* **Source material**:
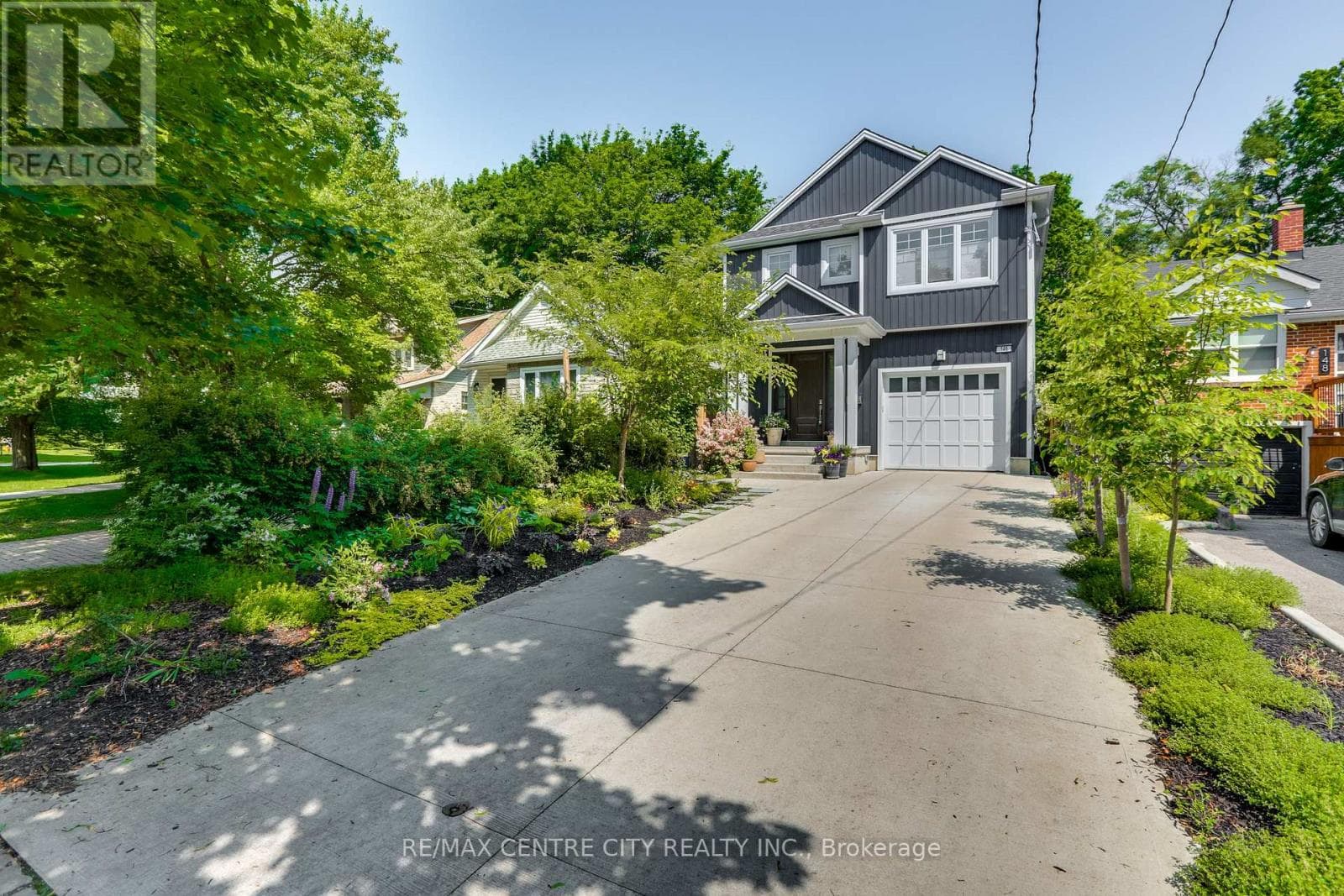 146 VICTORIA STREET photo 2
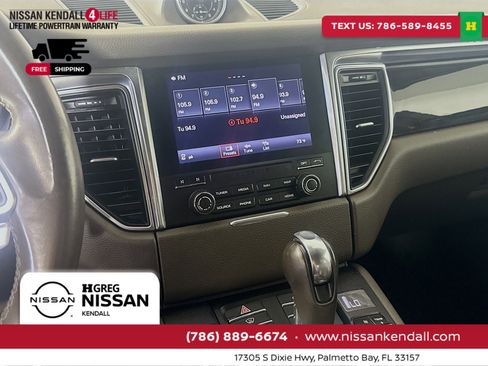 Used 2017 Porsche Macan S image 18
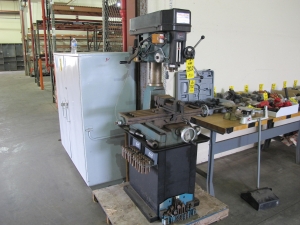 WASHINGTON DRILLING & MILLING MACHINE, MODEL 26660530 (W-51) LOADING & HANDLING FEE $25-
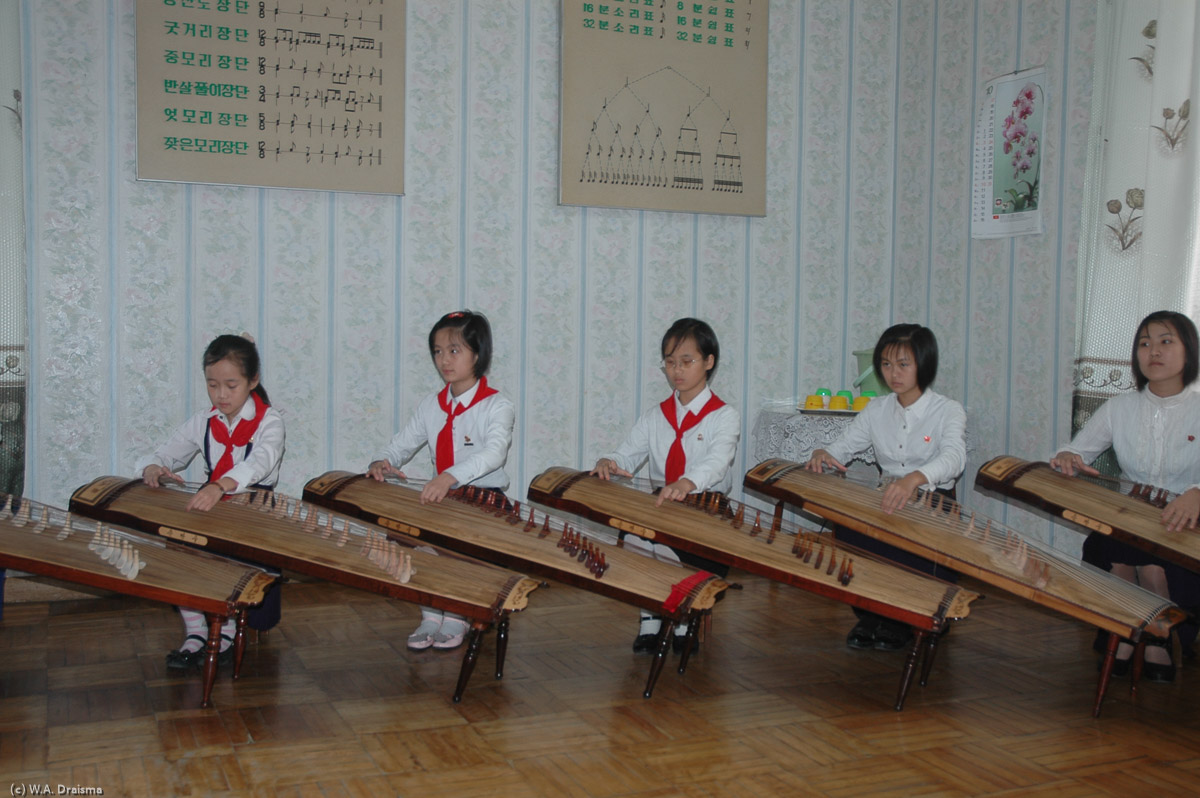 In the afternoon we visit the Mangyongdae Students' and Children's Palace, a place where groups of talented children learn various kinds of arts, like playing the Gayageum.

* **Prompt**: In your output, include only the lines from the line containing "WASHINGTON DRILLING &" through the last line of the material above, exactly as they appear, and leave out the pictures.

* **Task answer**:
 WASHINGTON DRILLING & MILLING MACHINE, MODEL 26660530 (W-51) LOADING & HANDLING FEE $25-
 In the afternoon we visit the Mangyongdae Students' and Children's Palace, a place where groups of talented children learn various kinds of arts, like playing the Gayageum.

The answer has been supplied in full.